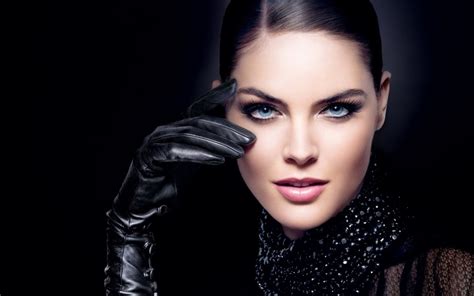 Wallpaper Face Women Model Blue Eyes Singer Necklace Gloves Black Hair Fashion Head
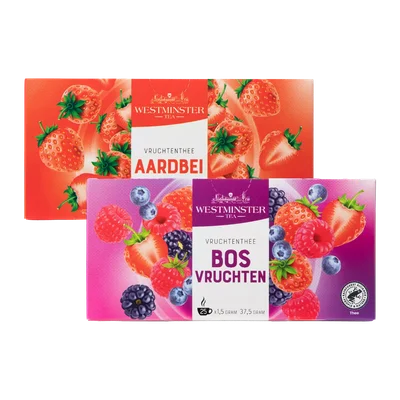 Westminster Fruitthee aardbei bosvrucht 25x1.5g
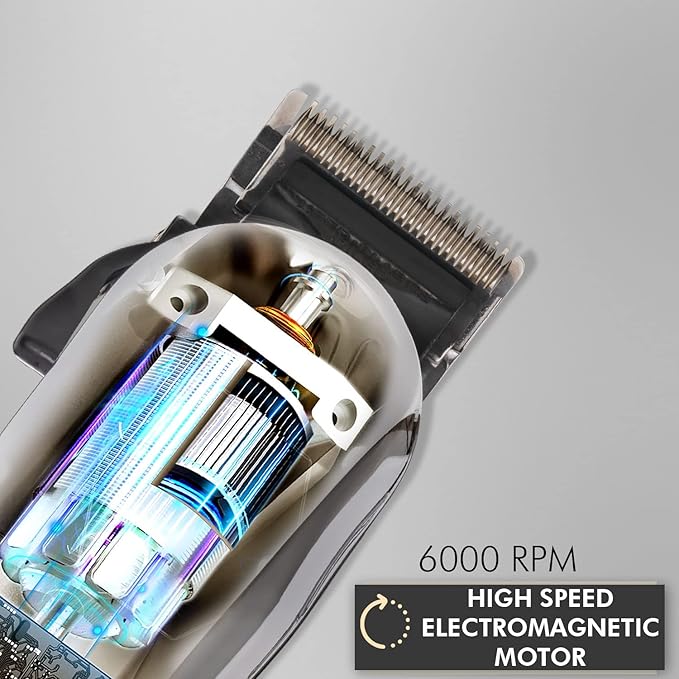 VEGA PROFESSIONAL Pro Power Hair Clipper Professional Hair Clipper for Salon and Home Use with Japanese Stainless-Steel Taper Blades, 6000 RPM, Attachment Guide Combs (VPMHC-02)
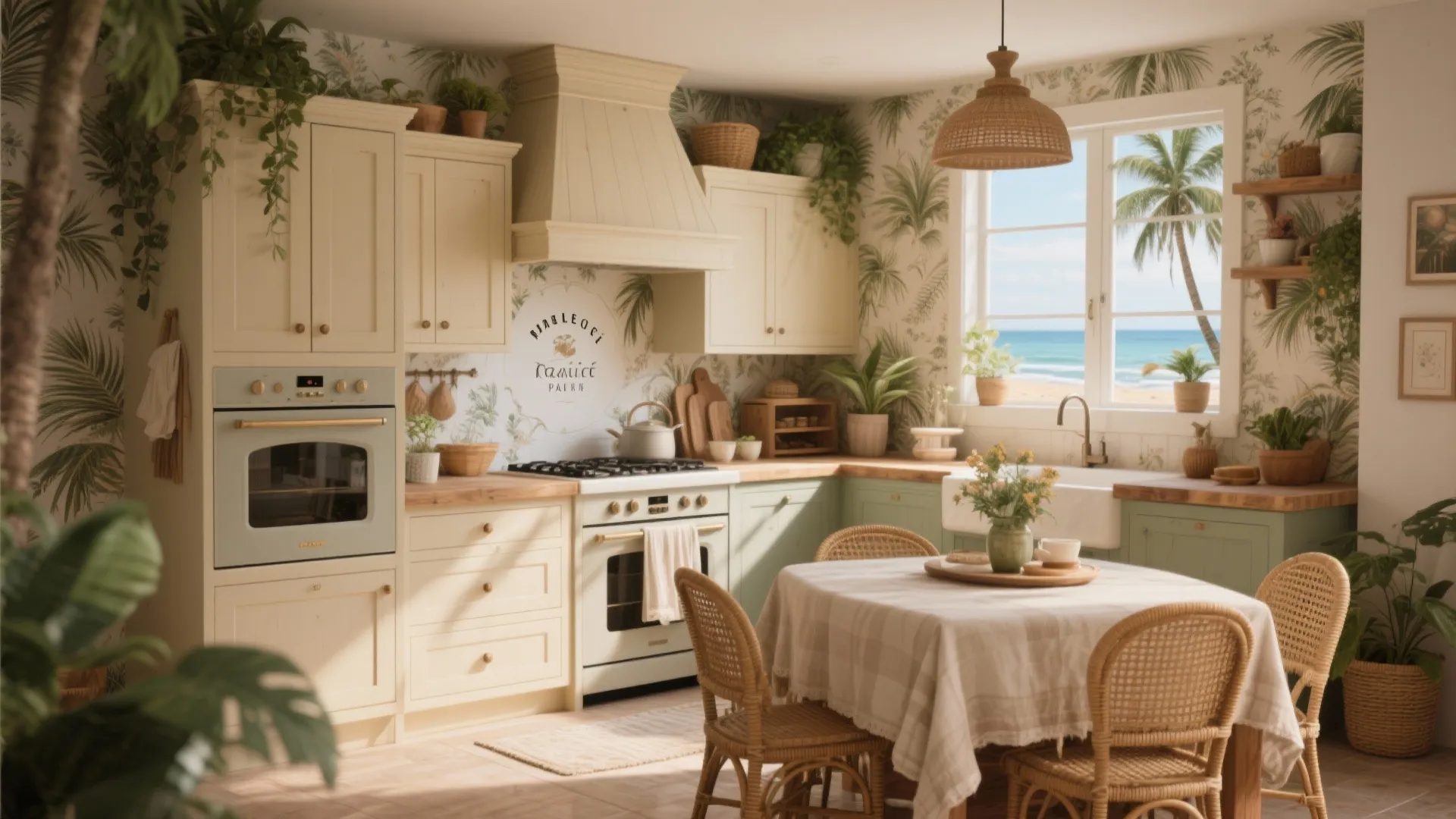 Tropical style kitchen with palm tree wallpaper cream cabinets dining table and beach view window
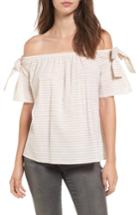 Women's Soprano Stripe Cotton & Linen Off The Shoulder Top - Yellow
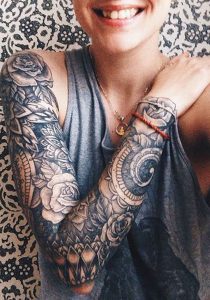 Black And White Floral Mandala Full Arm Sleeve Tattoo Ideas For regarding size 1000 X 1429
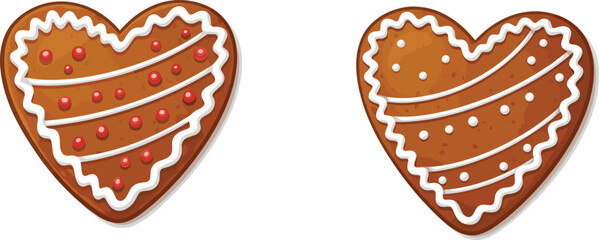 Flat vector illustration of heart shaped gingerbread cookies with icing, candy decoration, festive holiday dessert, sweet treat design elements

+ + +

Problem. Your reply is to be an exact repeat of the listing above from the line holding "Tropical style kitchen" down to the line holding "Black And White", ends included, pictures excluded.

Result of this exercise.
 Tropical style kitchen with palm tree wallpaper cream cabinets dining table and beach view window
 Women's Soprano Stripe Cotton & Linen Off The Shoulder Top - Yellow
 Black And White Floral Mandala Full Arm Sleeve Tattoo Ideas For regarding size 1000 X 1429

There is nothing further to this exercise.